*Requirement*:
Print the line that contains "Mushrooms in the park", then every line after it until the entries end, exactly as they read; do not include pictures.
=== Source data ===
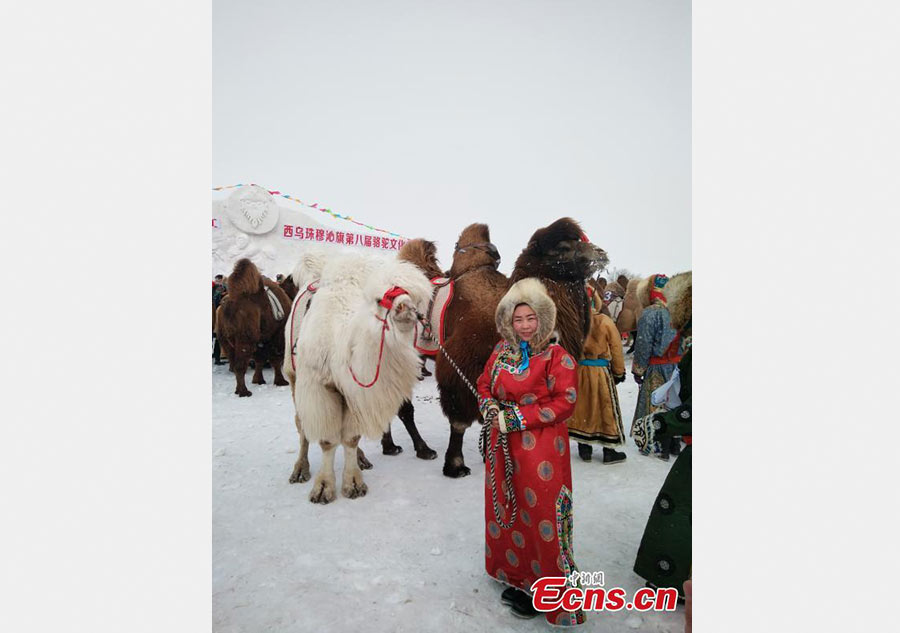 Camel-themed Naadam festival in Inner Mongolia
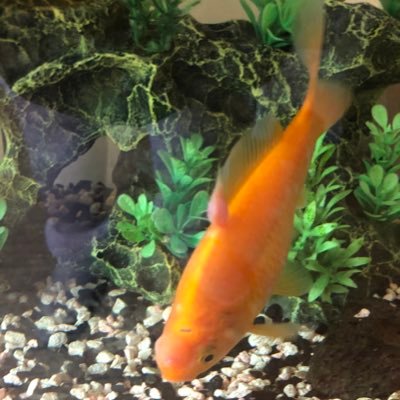 maliburonny's profile picture. 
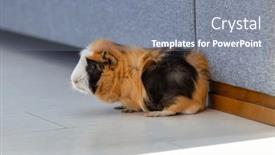  Presentation with guinea pig - Presentation theme having guinea-pig-walking background and a gray colored foreground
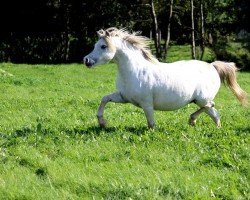 Zuchtstute Haverford Little Mist (Welsh Mountain Pony (Sek.A), 2007, von Ysselvliedts Golden Boy)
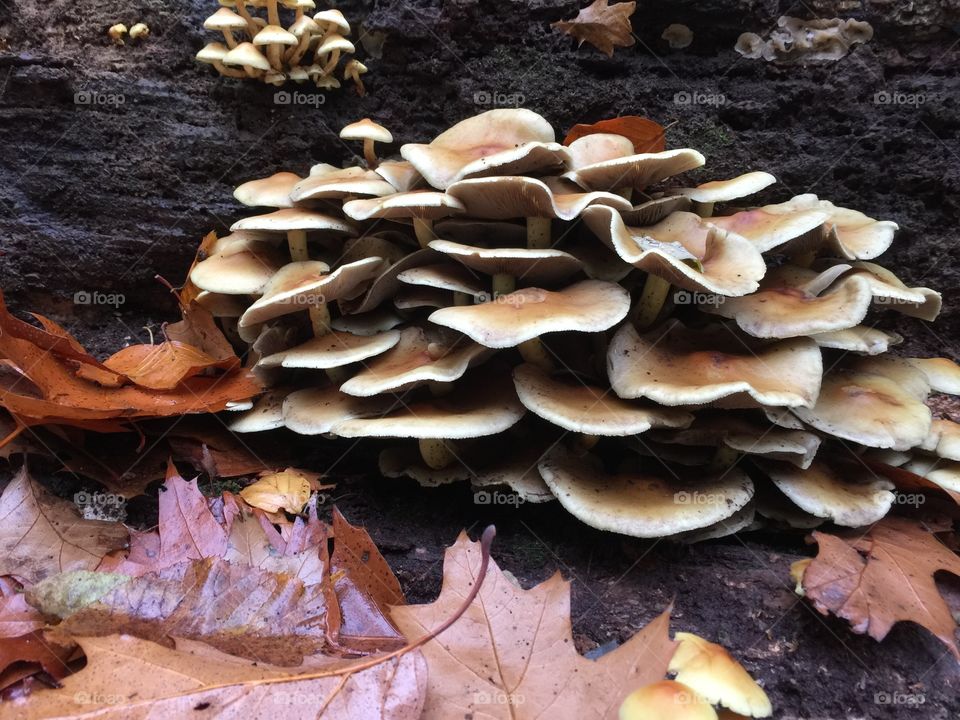 Mushrooms in the park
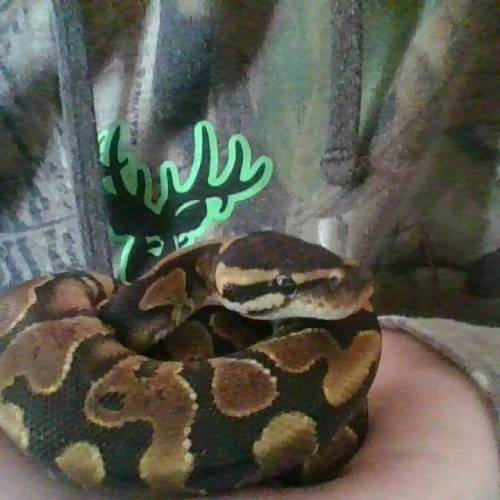 PHIENOX THE SNAKE IS THE BEST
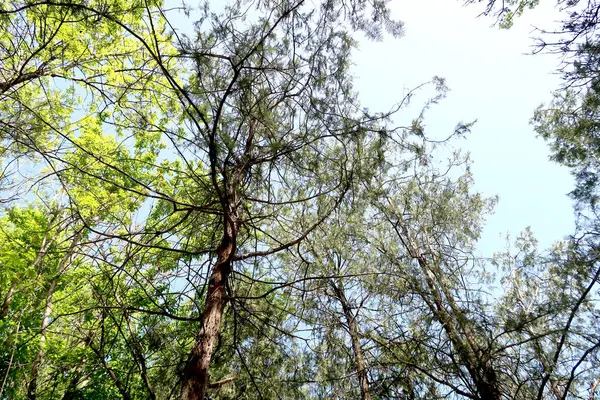 Grenar Träd Vyn Från Nedan Till Himlen — Stockfoto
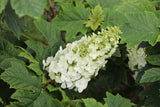 Gatsby Glow Ball hydrangea with white blooms and green leaves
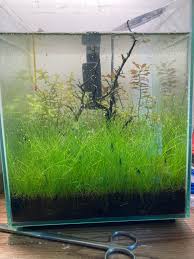 🌱Dwarf Hairgrass Care Guide: Dense Carpet In 4 Weeks | Aquanswers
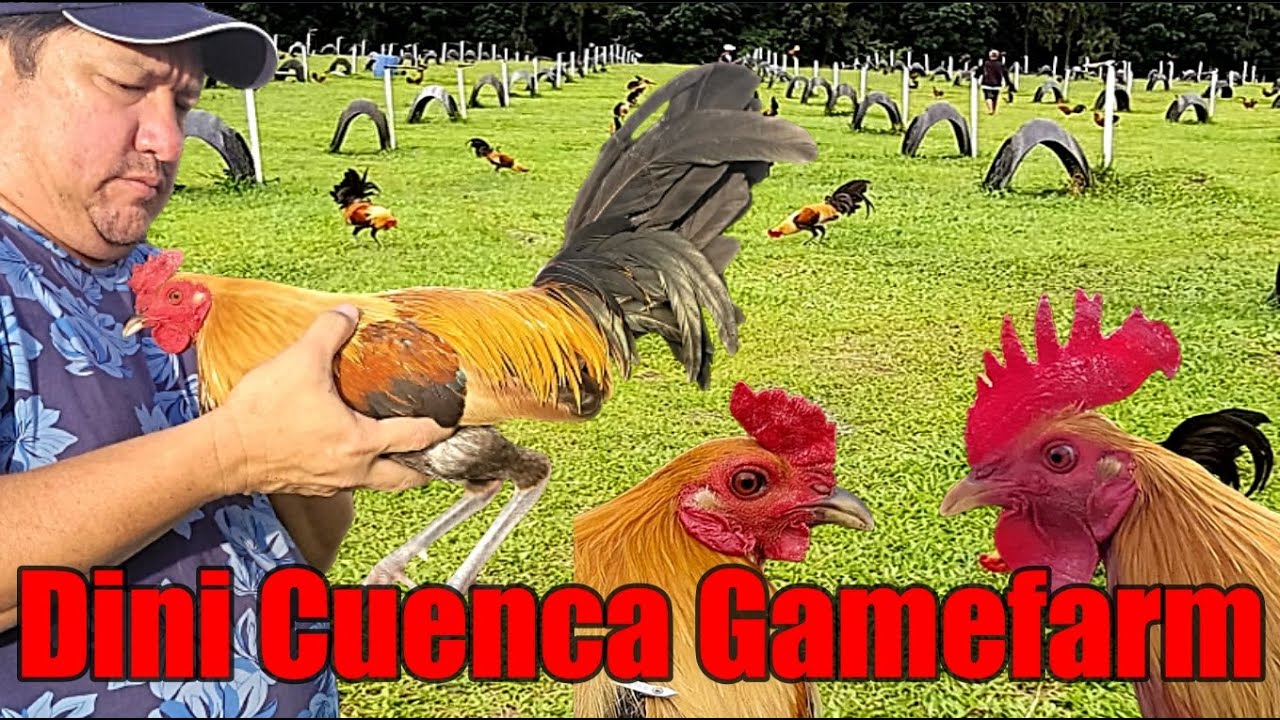 Lets Visit The Farm Of Dini Cuenca Gamefarm
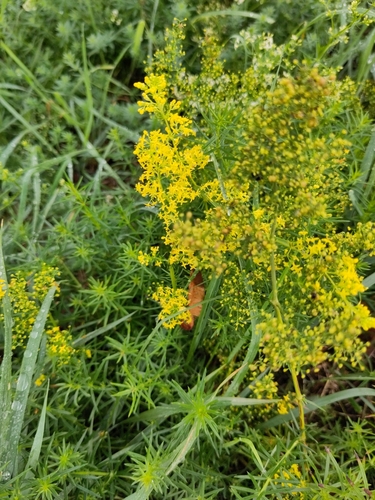 Lady's Bedstraw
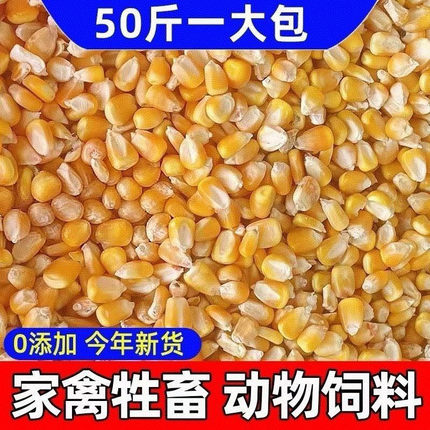 50斤100斤新鲜玉米粒猪牛羊鸡鸭鸟鸽子钓鱼打窝宠物动物粗粮饲料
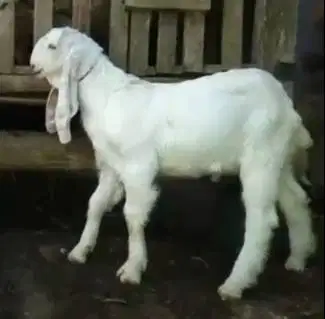 2 ekor anakan kambing etawa senduro 4 bulanan siap ternak hobby manteb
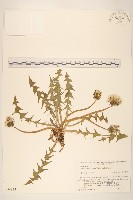 西洋蒲公英藏品圖，第1張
===
*Solution to this task*:
 Mushrooms in the park
 PHIENOX THE SNAKE IS THE BEST
 Grenar Träd Vyn Från Nedan Till Himlen — Stockfoto
 Gatsby Glow Ball hydrangea with white blooms and green leaves
 🌱Dwarf Hairgrass Care Guide: Dense Carpet In 4 Weeks | Aquanswers
 Lets Visit The Farm Of Dini Cuenca Gamefarm
 Lady's Bedstraw
 50斤100斤新鲜玉米粒猪牛羊鸡鸭鸟鸽子钓鱼打窝宠物动物粗粮饲料
 2 ekor anakan kambing etawa senduro 4 bulanan siap ternak hobby manteb
 西洋蒲公英藏品圖，第1張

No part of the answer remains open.